Allergic rhinitis or hay fever is a disorder characterized by acute attacks of nasal itching, congestion, watery nasal discharge, and sneezing. The episodes occur frequently with short intervals, or remission periods, between attacks. Attacks commonly occur in the morning and at night. Affected individuals are completely normal between episodes. The disorder is due to a hypersensitivity reaction to certain substances that affect the mucous membranes of the nose and associated glands. The disease presents in both seasonal and perennial forms.

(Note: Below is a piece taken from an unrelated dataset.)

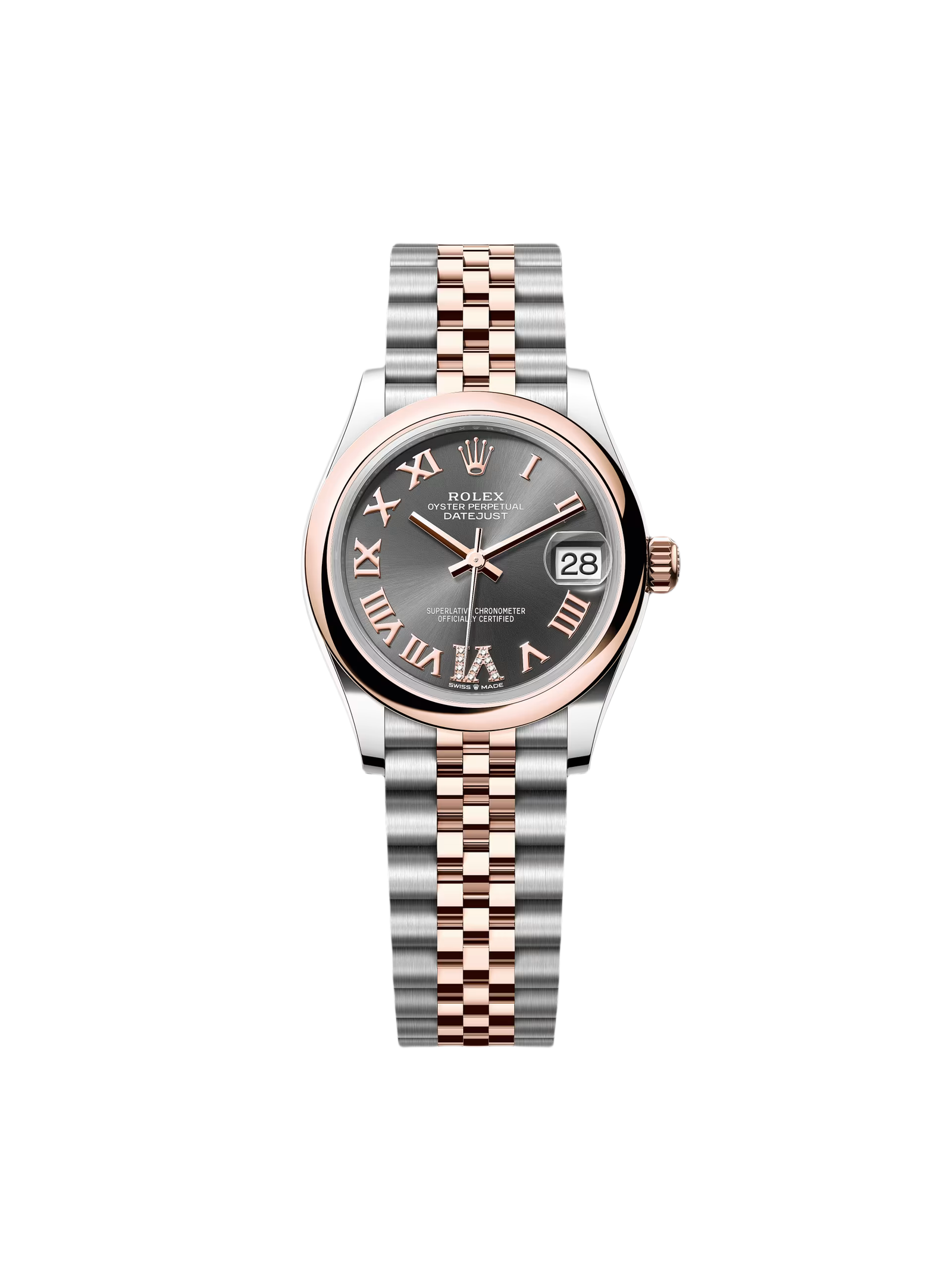 RLX Datejust m278241-0029/0030 Slate 31mm Dial Oyster Bracelet Watch - Image 2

In the traditional Chinese medicine (TCM) classic Huang Di Nei Ning (The Yellow Emperor's Medicine Classic), a similarly described disease is referred to as "bi-qiu", or "qiu-ti". "Bi-qiu" means profuse watery nasal discharge; "qiu-ti" means sneezing and profuse watery nasal discharge.

From the TCM viewpoint, the nose has both respiratory and olfactory (smell) functions. It works closely with the lungs, kidneys, spleen, and meridians. The lungs open into the nose and nasal function is mainly dependent on the action of the lung energy, qi. The free movement of the lung qi keeps the nasal passages clear and maintains an accurate sense of smell. The governing meridian (Du Mai), a channel system of the midline controlled by the kidneys, passes through the nose. The kidneys thus communicate with the nose. The spleen is the primary organ of digestion and its main function is to transform food into essence (jing) . This is then transported to the lungs and heart where it is used to create qi and blood. Normal spleen function therefore facilitates proper functioning of the lungs; when the spleen is impaired, phlegm-related disorders may develop.